Die Galopprennbahn Freudenau ist eine 1839 eröffnete Anlage für den Galopprennsport im 2. Wiener Gemeindebezirk Leopoldstadt.
Anlage
Die Galopprennbahn befindet sich in der namensgebenden Freudenau, einem ehemaligen Augebiet im Osten des Wiener Praters. Im Stil des Historismus gehalten, zeichnet sich die Anlage durch feingliedrige Gusseisen-Architektur aus. Sie besitzt fünf Tribünen.[1] Die gesamte Anlage steht unter Denkmalschutz.[2]
Geschichte
Allgemein
Das Eröffnungsrennen der vom Wettrennen-Comité auf der sogenannten Fleischhacker-Wiese geschaffenen Bahn fand am 4. Mai 1839 statt. Die Länge der neuen Rennbahn entsprach mit zwei englischen Meilen jener bis dahin auf der Simmeringer Haide genutzten, wobei Grund und Boden als zum Rennen besser eingeschätzt wurden.[3]
1858 wurden in Anwesenheit von Kaiser Franz Joseph I. (1830–1916) die Tribünen eingeweiht, die vom Architekten Carl Hasenauer (1833–1894) entworfen und von dessen Bruder, dem Hof-Zimmermeister Christoph Hasenauer, erbaut worden waren. Das erste Österreichische Derby fand 1868 statt. 1870 wurde die vom Budapester Architekten Adolf Feszty (1846–1900) entworfene Hof-Tribüne erbaut, die aus einer Loge für den Kaiser und zwei Seitenlogen bestand. Ein Brand zerstörte 1883 einen Teil der Tribünen. Von 1885 bis 1887 wurden nach Plänen des Architekten Josef Drexler (1850–1922) die zerstörten Bauteile in stabilerer Bauweise rekonstruiert sowie das Totalisator-Gebäude und die Verwaltungs- und Stallgebäude erbaut.
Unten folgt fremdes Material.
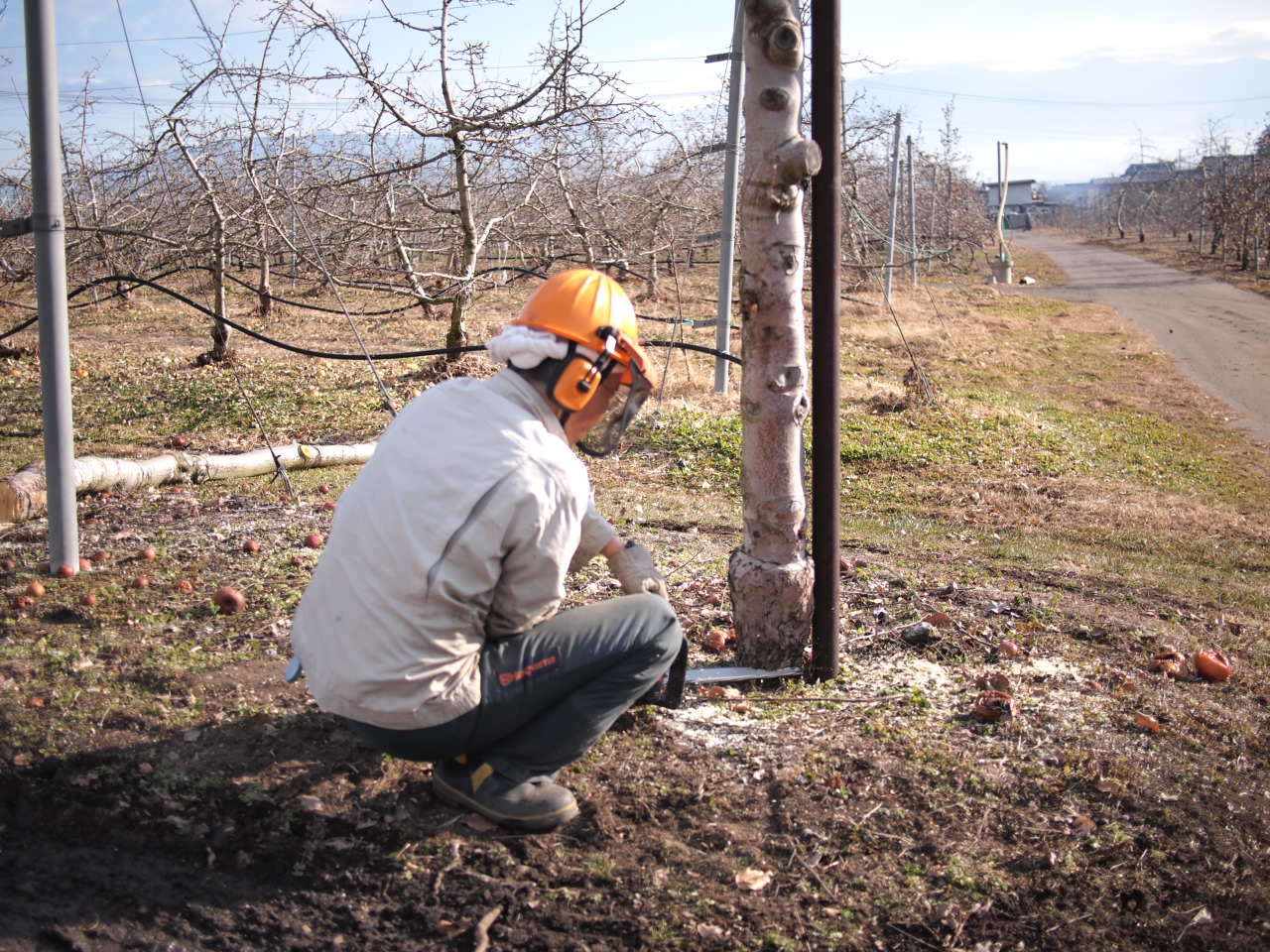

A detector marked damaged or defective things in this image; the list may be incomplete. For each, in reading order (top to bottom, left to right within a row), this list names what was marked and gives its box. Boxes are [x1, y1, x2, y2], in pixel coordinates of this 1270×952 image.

rusty metal post [813, 0, 842, 680]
Am Ostermontag, dem 26. April 1886 und sechsten Tag des Frühjahrs-Meetings, wurde von der Österreichisch-Ungarischen Staatseisenbahn-Gesellschaft (StEG) die Flügelbahn zum Rennplatz Freudenau eröffnet (verstaatlicht am 1. Jänner 1909). Im Wege der Verbindungsbahn konnte man an jenem Tag erstmals mit einem Personenzug von Wien Westbahnhof ohne Umsteigen bis an den Vorplatz der Galopprennbahn gelangen.[4] Die 1,318 km (Baulänge) lange Flügelbahn zweigte am Nordende der Ostbahnbrücke ( ) im km 5,961 der heutigen Laaer Ostbahn in einer Ostschleife über eine heute noch bestehende Aufschüttung ab. Als während des Ersten Weltkrieges die Verkehrsstelle Prater-Ausweiche zwischen Donaukanal und Donau gebaut werden sollte, wäre der Anschlussbogen der Freudenauer Strecke nach Norden in die neue Ausweichstation umgelegt worden. Personen-, Gepäck- und Expressgutverkehr wurden 1932 eingestellt, der Gesamtverkehr am 14. Juli 1942, gefolgt von der Abtragung des Oberbaus.[5]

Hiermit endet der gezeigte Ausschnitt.